Зря. Зря — так. Но он был мужчиной. А она привыкла так разговаривать с мужчинами.
— Я не искал.
Пауза.
— Я просто помнил.
— Ты помнил — что? Меня ведь ты не помнил…
По левой штанине его джинсов деловито ползла божья коровка. На полпути она остановилась, расправила крылышки и пропала.
— Ты не вернешься, сказала ты тогда.
— Ты меня не любишь, сказала я тогда тоже.
Боже, зачем она упрямится! Ведь все эти годы она ждала его!
— Да. Ты сказала так…
Он взглянул на нее черными, будто вода в колодце, зрачками.
— Ты была права. Я не чувствовал боли тогда, в Серебряном Бору. Я чувствовал потерю, но боли не было. Я словно сидел на чужом месте в кино, и тут пришел контролер и согнал меня. Я освобождал место возле тебя тому, кто мог любить тебя сильнее. До боли.
В душе у Анастасии будто что-то упало, нечто давно накренившееся, и разбилось.

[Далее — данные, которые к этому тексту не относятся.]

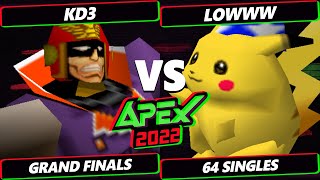Apex 2022 GRAND FINALS - KD3 (Captain Falcon) Vs. Lowww (Pikachu, Fox) Smash 64 Tournament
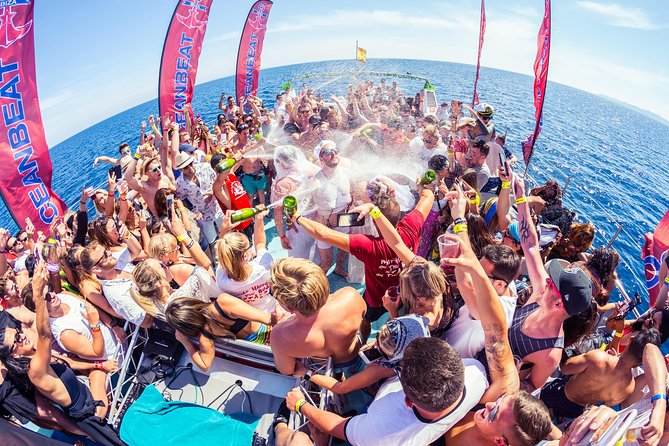 Ibiza Ocean Club Boat Party with 3 Hours Premium Drinks and DJ - Champagne shower and Castle of Ibiza views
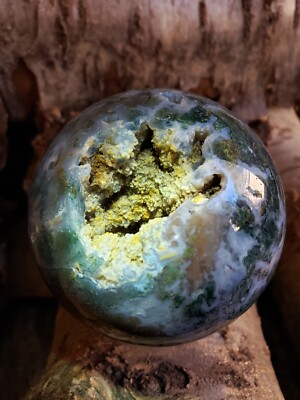 Moss Agate Green Blue Crystal Ball Sphere Orb with druzy, quartz, UV 821g or 1.8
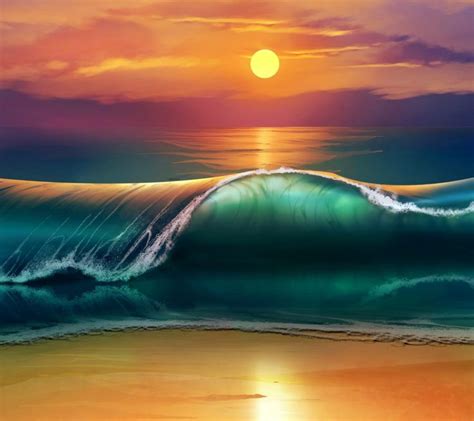 Water Ocean Sunset Painting Sunset Over Ocean Waves Painting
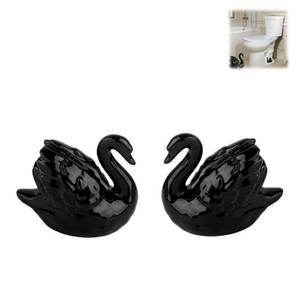 lot 2352 image: Elegant Swan Ceramic Toilet Bolt Caps, Decorative Animal Toilet Bolt Covers for Bathroom, Durable Glossy Porcelain Toilet Bolt Hiders Set of 2 (Black)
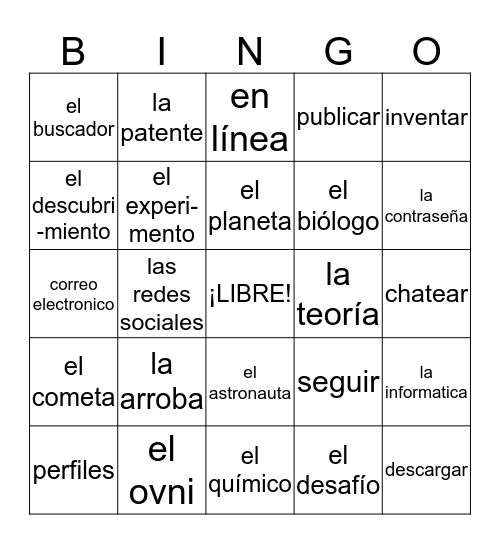 La tecnología y la ciencia  Bingo Card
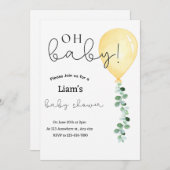 ユーカリ黄色の気球の赤ちゃんシャワー招待状 招待状 (正面/裏面)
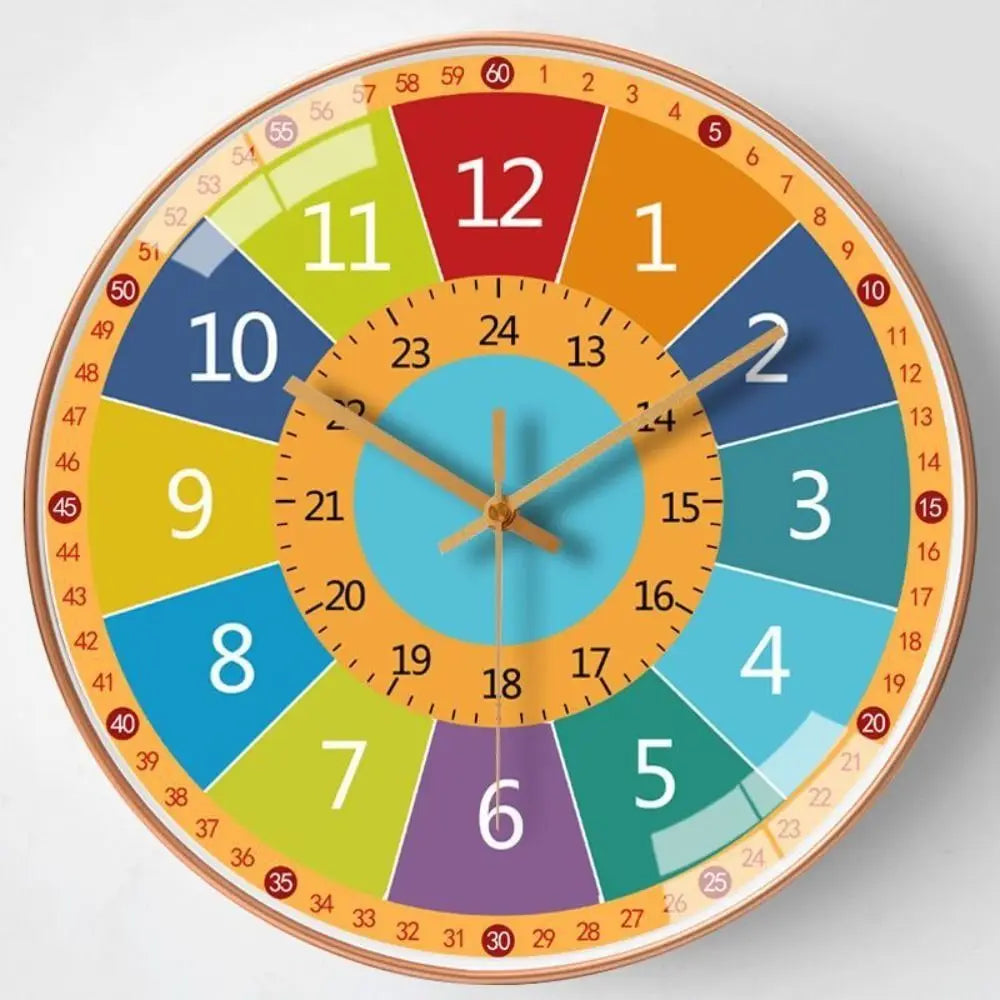 horloge murale silencieuse apprentissage dessin animé colorée enfants sections colorées motifs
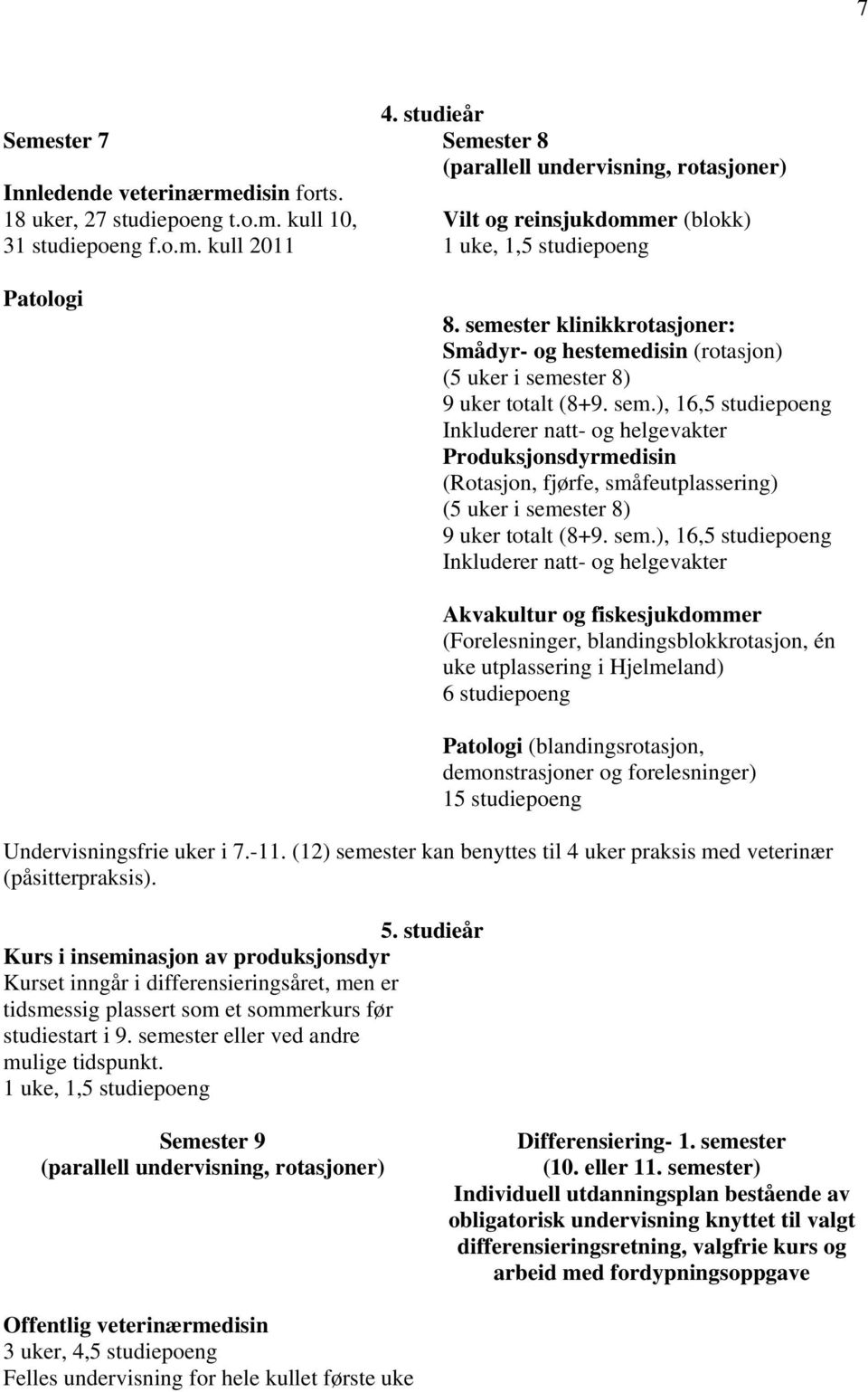 ster 8) 9 uker totalt (8+9. sem.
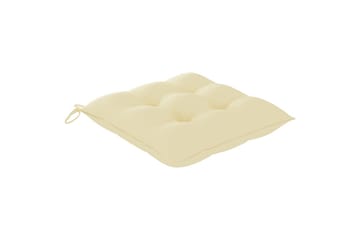 havestole 2 stk. med cremehvide hynder massivt teaktræ - Creme - Havemøbler - Solafskærmning - Markiser - Balkonmarkise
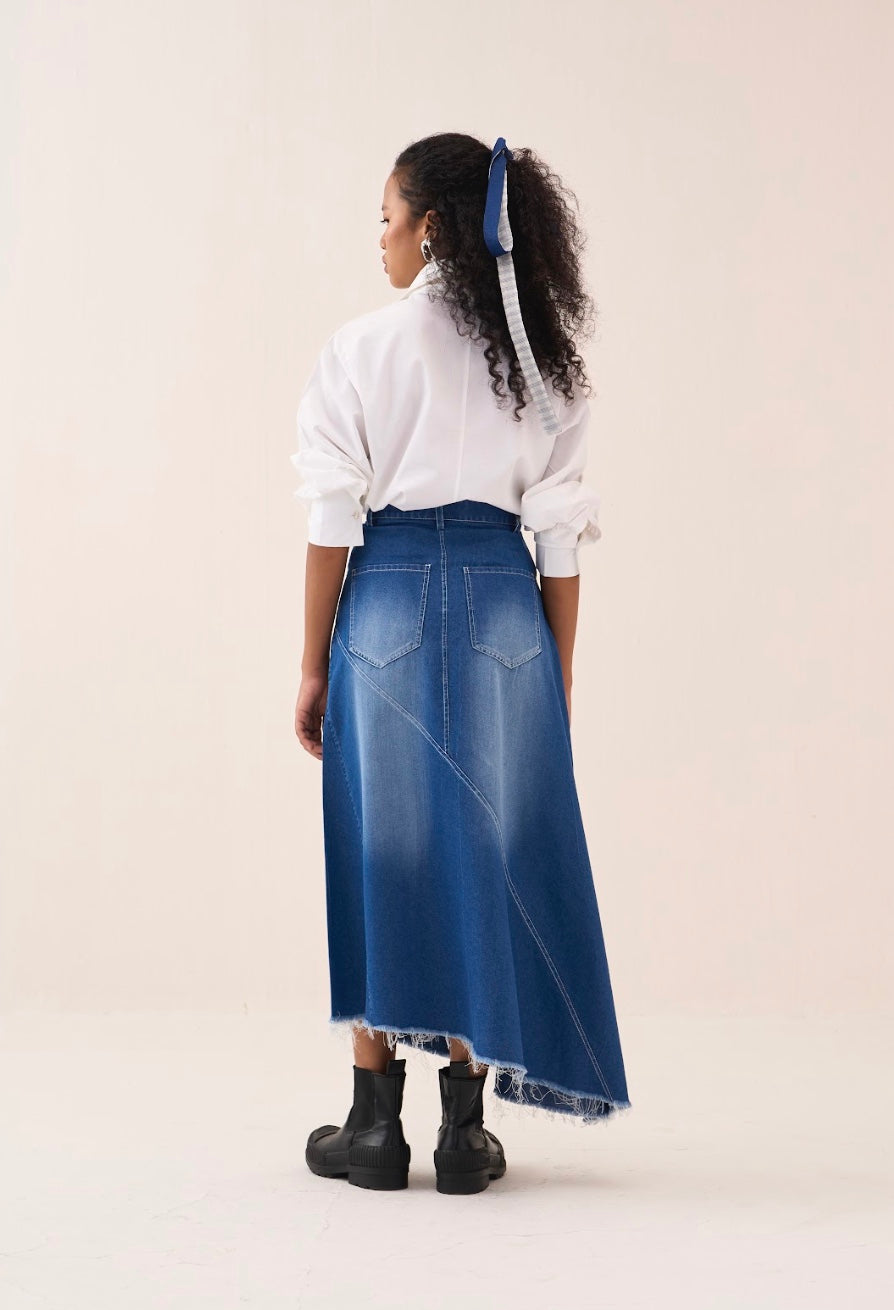 Denim Paneled Skirt Co-ord (set Of 2)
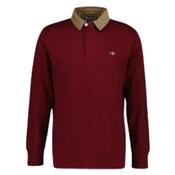 Corduroy Collar Heavy Rugger Shirt - Wine - L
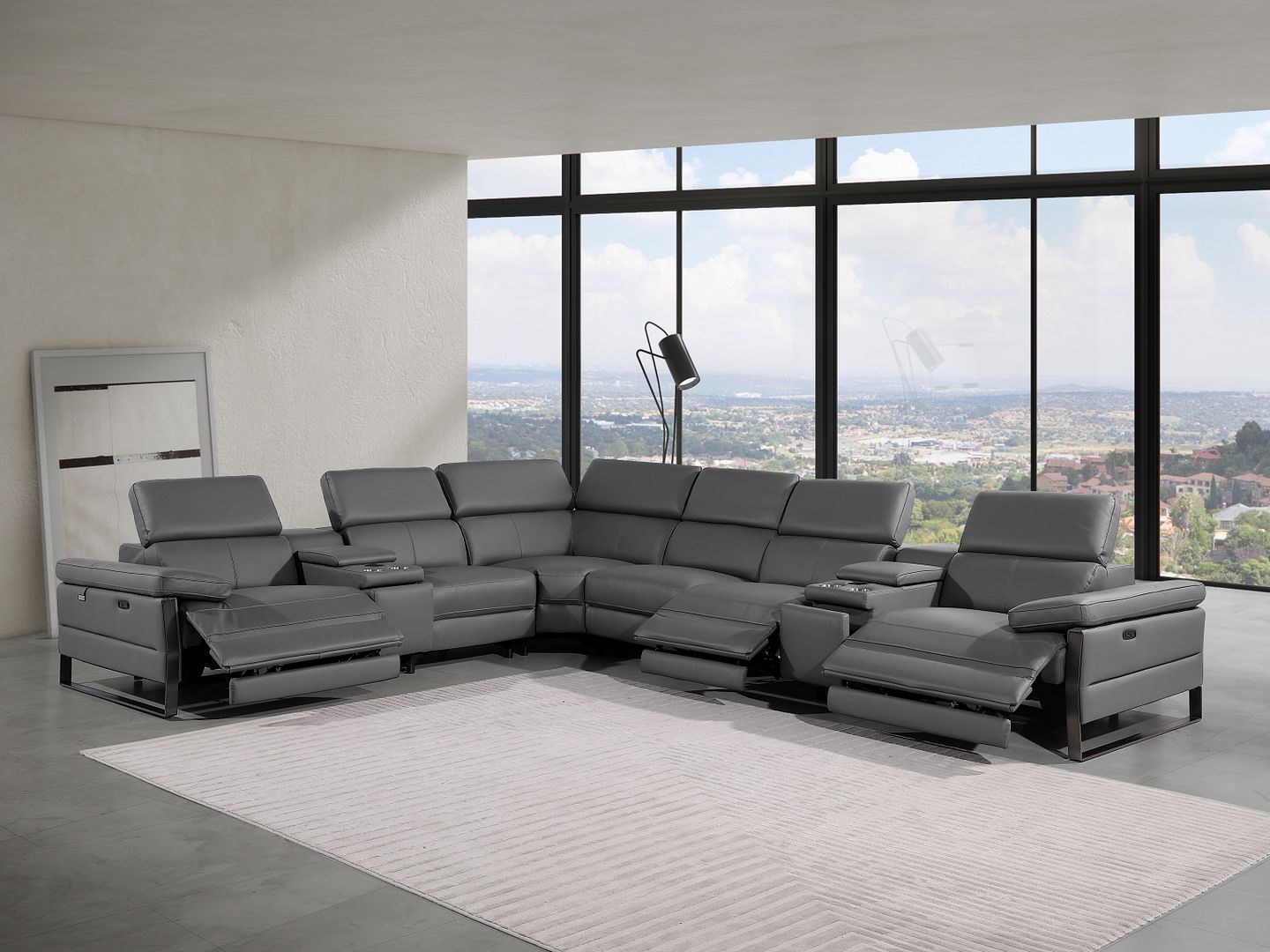 1246 Divanitalia 8-Piece L-Shaped Modular Power Reclining Sectional Sofa with 3 Power Recliners and Power Headrests - Top Grain Italian Leather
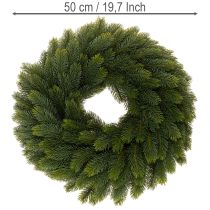 Product Artificial fir branch wreath, green, round, 50cm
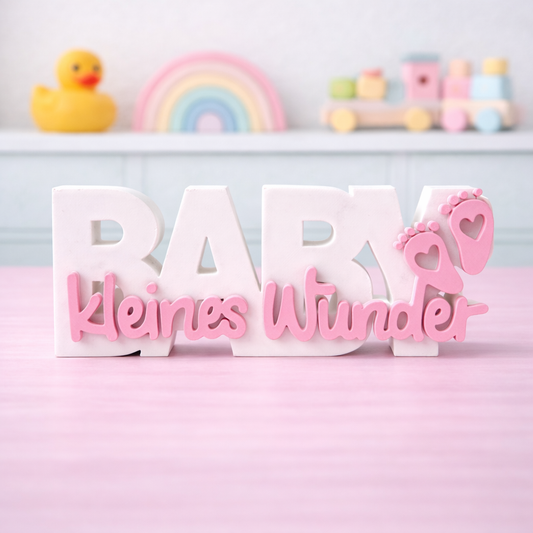 3D-Aufsteller Baby kleines Wunder rosa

— Мне казалось, что и ты не меня любила. А то, что создала из меня в своем воображении. Любила мечту свою… Поставила меня на определенное место в душе… а место оказалось чужое…
Какие же мужики дураки! Даже самые проницательные!
Он… да, он верно уловил то, что было в ней вначале. Да, она немножко создала его в себе — и затем завоевывала шаг за шагом.
Вот только в ходе битвы нападавший сам постепенно становился жертвой. Война шла по обе стороны фронта — оказалось, она завоевывала место и в своей душе. Ему. Для него. И когда они расстались, именно ее душа осталась оккупированной…
— Поэтому ты постарался забыть меня.
Господи, ну кто ее за язык-то тянет?
— Я не старался, — торопливо ответил он. — Из всех девчонок из института в памяти сохранилась ты одна. Ты только далеко спряталась…
— Так далеко, что ты не сразу узнал. Хотя смотрел прямо на меня, когда разговаривал по телефону…
Он усмехнулся — осторожно, чтобы не задеть.
— Глаза были повернуты вовнутрь, только и всего. Проблемы у меня…
Помолчали. Казалось, он подыскивал слова.